Crucially, therefore, the paper argues that a delay in treatment is associated with a higher risk of infection. Their findings illustrate that all fractures, irrespective of which grade they have been given, need to be treated effectively by wound debridement very early in order to prevent infection. They additionally question the value of using the Gustillo grading system7 as an index of urgency for treatment, arguing that the problem is in fact the actual insult of an open fracture on the patient as a whole and that treatment principles should be exactly the same irrespective of degree of the grading system. This includes time to surgery.
The fact that patients with low CD4 counts have a higher rate of infection emphasises the value of obtaining a CD4 count early in the patient’s management. It is arguable therefore that patients with low CD counts should perhaps have prolonged antibiotic therapy combined with immediate surgery.
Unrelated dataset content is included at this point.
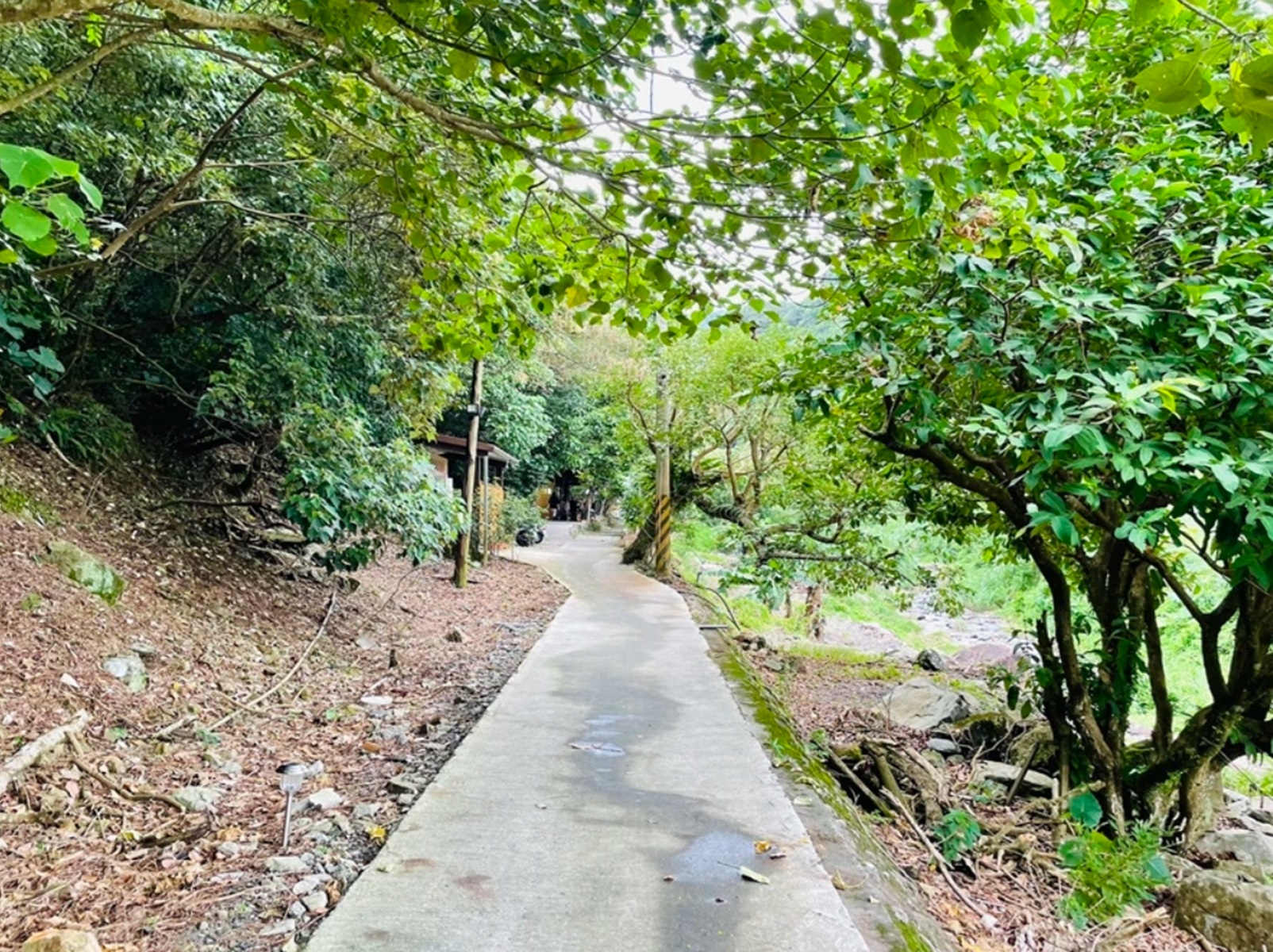 宜蘭【流水森林】義大利麵不但好吃又有入味，價格還很親民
It is also worth noting that the recent introduction of an effective AIDS programme in South Africa and the use of retroviral therapy such as HAART (Highly Active Anti-Retroviral Therapy) should raise the CD4 count in these patients who are most at risk from infection and, as the overall health of community improves along with the resolution of associated illnesses such as TB, these issues will become less important.
That said the paper is not without flaws. Most notably, as the authors acknowledge, they have not addressed the issue of late infection and are only looking at the early period that is within the first three months of the open fracture. The unanswered question is what is the real incidence of late infection in those patients who undergo internal or external fixation following open fractures who are HIV positive. It is quite possible that infection can occur later after the arbitrary three month period leading to chronic osteomyelitis as was reported by Jellis.
It is therefore important to undertake further research into whether late infection is a problem in order to assess the long-term implications of internal or external fixation in open fractures in HIV positive patients.
These are, however, minor criticisms of a seminal paper, which shows us a clear way forward and demonstrates that it is possible to treat HIV patients with open fractures without the disastrous results of the past. This in turn means that it should be increasingly possible for orthopaedic surgeons in Africa to follow similar lines of treatment to those laid out in the paper, that is early debridement of the wound and external or internal fixation of the fracture, irrespective of HIV status.
1. http://www.unaids.org/en/dataanalysis/monitoringcountryprogress/2010progressreportssubmittedbycountries/southafrica_2010_country_progress_report_en.pdf p 10. (Or Editors Country Progress Report on the Declaration of Commitment on HIV/AIDS 2010 Report page 10).
2. Court- Brown CM, McQueen MM, Quaba AA, Christie J. Locked intramedullary nailing of open tibial fractures. J Bone Joint Surg [Br] 1991;73-B:959- 64.
3. Jellis JE. Orthopaedic surgery and HIV disease in Africa. Int Orthop 1996;20:253-6.
4. Harrison WJ, Lewis CP, Lavy CB. Wound healing after implant surgery in HIV-positive patients J Bone Joint Surg [Br] 2002;84-B:802-6.
5. Aird J, Noor S, Lavy C, Rollinson P. The effect of HIV on early wound healing in open fractures treated with internal and external fixation. J Bone Joint Surg [Br] 2011;93-B:678-83.
6. Wilson AP, Treasure T, Sturridge MF, Gruneberg RN. A scoring method (ASEPSIS) for post-operative wound infections for use in clinical trials of antibiotic prophylaxis. Lancet 1986;1:311-13.
7. Gustillo RB. Classification of Open Fractures. In: Ramon Ed, Gustillo RB (eds). Management of open fractures and their complications, WB Saunders, 1982.